# Clear Bra LLumar VS 3M



## ZIPPY5150 (Jan 23, 2004)

:dunno: A local dealer in the Atlanta area told me that the LLumar clear bra is a better product than the 3M Invisa-shield. Does anyone have the LLumar film installed? The warranty is lifetime in LLumar VS. 2 years, (5 years installed by the mini dealer) on the 3M product. I have a few months till I take delivery (just ordered my MCS yesterday) which is better???


----------



## kyyuan (Jul 14, 2002)

ZIPPY5150 said:


> :dunno: A local dealer in the Atlanta area told me that the LLumar clear bra is a better product than the 3M Invisa-shield. Does anyone have the LLumar film installed? The warranty is lifetime in LLumar VS. 2 years, (5 years installed by the mini dealer) on the 3M product.

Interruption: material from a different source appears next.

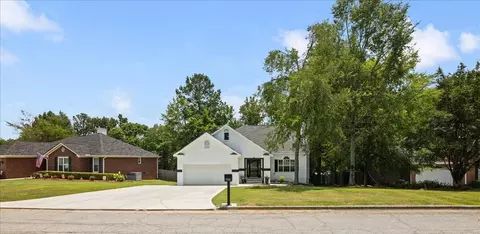 Exterior - 703 Low Meadow Dr, Evans, GA 30809 photo 3 of 15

I have a few months till I take delivery (just ordered my MCS yesterday) which is better???


I'll take a shot at it...

Llumar is a new product, where as the 3M film has been out for a while. 3M is suppose to come out with a new film that will compete with the Llumar film.

3M has been the king for a while in that it is tough and has a clear coating that makes the film shiny, and also protects the film from absorbing dirt and grime; its main downsides are (1) its tendency of turning yellow (bad on light color cars), (2) harder to stretch/install due to the clear coating, and (3) not as transparent as some others (has a bit of orange peel look).

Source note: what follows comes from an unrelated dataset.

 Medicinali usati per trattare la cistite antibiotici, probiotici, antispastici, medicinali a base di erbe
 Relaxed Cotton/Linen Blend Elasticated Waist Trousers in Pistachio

The new Llumar is suppose to be much more transparent. Ostensibly, given its short-time in the market, longevity and protection characteristics are not yet proven. Nonetheless, I've heard very good things about the new Llumar film.

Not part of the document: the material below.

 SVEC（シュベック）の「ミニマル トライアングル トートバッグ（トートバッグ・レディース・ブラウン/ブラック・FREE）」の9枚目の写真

FYI... I just just had Stongard kit installed on my hood/fenders using 3M, and Xpel kit installed on my bumper using Llumar. I had to go with this combo because Stongard didn't make the bumper kit for the 330i performance package.

There are other films out there (e.g., Avery), but they all have their own set of pros/cons. The word is that 3M and Llumar are the tops ones, with Llumar as the new kid, purportedly better, on the block. I hope this helps.

Ken


----------



## BimmerJustin (Jun 8, 2003)

The clear bra front end is a friggin' rip off. I have put 15K miles on my '03 and I have several chips and dents on the hood and bumper. Even the clear bra is peeling off. For 500 BUCKS (the cost of the bra) you can replace the bonnet and the bumper. MY ADVISE IS DONT WASTE YOUR MONEY. :thumbup:


----------



## kyyuan (Jul 14, 2002)

BimmerJustin said:


> The clear bra front end is a friggin' rip off. I have put 15K miles on my '03 and I have several chips and dents on the hood and bumper. Even the clear bra is peeling off. For 500 BUCKS (the cost of the bra) you can replace the bonnet and the bumper. MY ADVISE IS DONT WASTE YOUR MONEY. :thumbup:


Sorry to hear that... doesn't your clear bra have a warranty? If the hood needs a new paint job, shouldn't your clear bra company cover that?

Ken


----------